GROUP BY with ORDER BY extremely slow on database (seems to create temp table)

Question

I'm building a twitter app that displays posted links on twitter, but I have a problem when sorting the table by time.

tweet
+----------------------------------------+
| tweet_id | [...] | created_at          |
+----------------------------------------+  
| 123456   | [...] | 2012-06-11 11:31:28 |
| 234567   | [...] | 2012-06-11 11:32:55 |
| 345678   | [...] | 2012-06-11 11:33:22 |
+----------------------------------------+

tweets_url
+---------------------+
| tweet_id | url      |
+---------------------+
| 123456   | cnn.com  |
| 123456   | fox.com  |
| 234567   | abc.com  |
| 345678   | abc.com  |
+---------------------+

Heres my SQL (I'm using GROUP by to return only unique URLS):

SELECT tweet_urls.url,
    FROM  `tweets` 
    LEFT JOIN tweet_urls ON tweet_urls.tweet_id = tweets.tweet_id 
    WHERE tweet_urls.url LIKE '%cnn.com%'
    GROUP BY tweet_urls.url 
    ORDER BY tweets.created_at DESC LIMIT 0 , 20

I tried different variations of running this query with outer select from here, using different joins and inner SELECTS.

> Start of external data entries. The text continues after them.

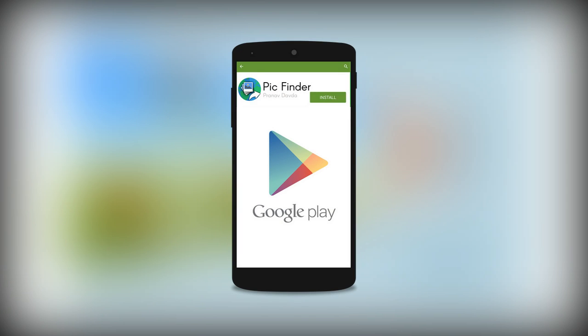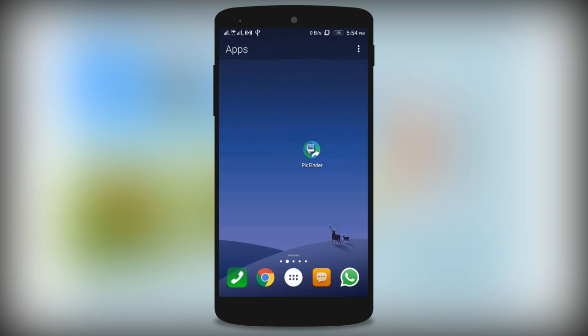Download PickFinder Android app from Google Play and share your thoughts through pictures to any social network with a single tap button.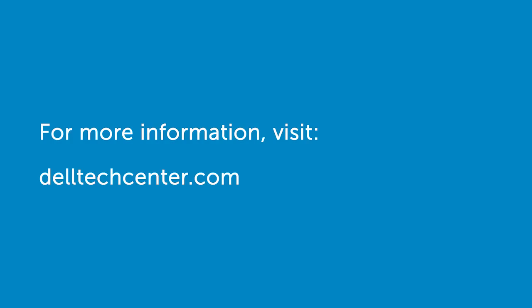For more information, visit DellTechCenter.com and see the Dell Command Monitor page as well as the Dell Client Management Packed page.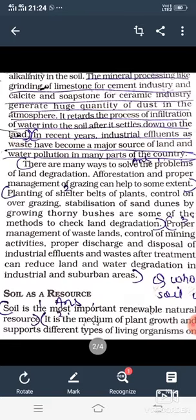Next, mineral processes like grinding of limestone for the cement industry, and calcite and soapstone for the ceramic industry, generate huge quantities of dust in the atmosphere. इसके साथ साथ, mining से संबंधित कुछ processes होती हैं जैसे कि cement industry में चूना पत्थर को पीसना।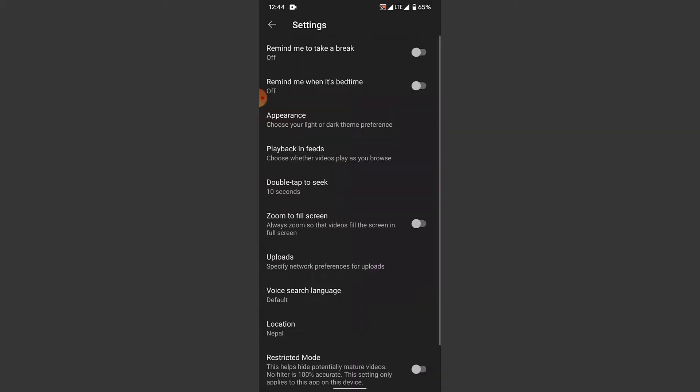Once you choose the dark theme option, you can see that the YouTube application you're using automatically turns into dark theme. So you have successfully enabled the dark theme in your YouTube application.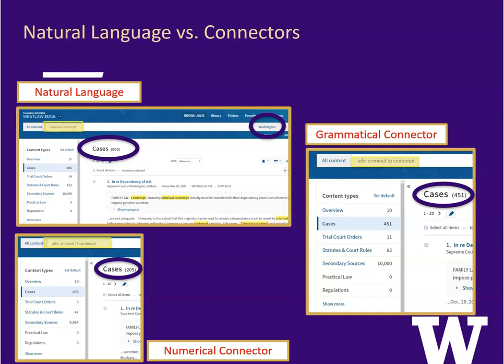The third search uses the numerical connector slash five to connect the two terms. This search is asking Westlaw to only find those cases where the two terms occur within five words of each other. Our results are now reduced to 205 cases.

Edit: I've done some further testing. It seems that Mysql creates a temporary table based on the GROUP BY tweet_urls.url and then orders the results w/o using the specified index because it is run on a temp table.

Here's the EXPLAIN output:

+----+-------------+------------+--------+---------------+---------+---------+-----+----------------------+----------------------------------------------+
| id | select_type | table      | type   | possible_keys | key     | key_len | ref |                rows  | Extra                                        |
+---------------------------------------------------------------------------------------------------------+----------------------------------------------+
| 1  | SIMPLE      | tweet_urls | index  | tweet_id      | url     | 422     | NULL                 86783 | Using where; Using temporary; Using filesort 
| 1  | SIMPLE      | tweets     | eq_ref | PRIMARY       | PRIMARY | 8       | tweet_urls.tweet_id        |
+----+-------------+------------+--------+---------------+---------+---------+-----+----------------------+----------------------------------------------+

Can you avoid starting your LIKE expression with a wildcard? Otherwise a table scan will be necessary. — Martin Wilson, Jun 18 '12 at 18:38
I will put index on both tweet_id and a fulltext index to tweet_urls.url and if you don't need the order by, reove it — jcho360, Jun 18 '12 at 18:40
Are you aware that `LIKE '%cnn.com%'` will also match `abcnn.comp.co.uk`? Is that really what you want? — Mark Byers, Jun 18 '12 at 18:55
Are you certain that it's the `ORDER BY` that is the largest contributor to the slow performance? How does the performance compare to a query with the `ORDER BY` clause omitted? (For testing, you want to ensure that the query cache isn't throwing off your results: `SET SESSION query_cache_type = OFF;` — spencer7593, Jun 18 '12 at 20:02
Yep, I'm sure. Query time is 0.0021s vs 0.4639. Tests are run on a development server with a small set of data, on the live server the query times are like 0.01s vs 2.5s. — Joey, Jun 18 '12 at 20:56

Mark Byers · Answer 1 · 2012-06-18T18:43:55.330

7

I think the real problem is here:

WHERE tweet_urls.url LIKE '%cnn.com%'

This type of query (LIKE without a constant prefix) cannot efficiently use an index.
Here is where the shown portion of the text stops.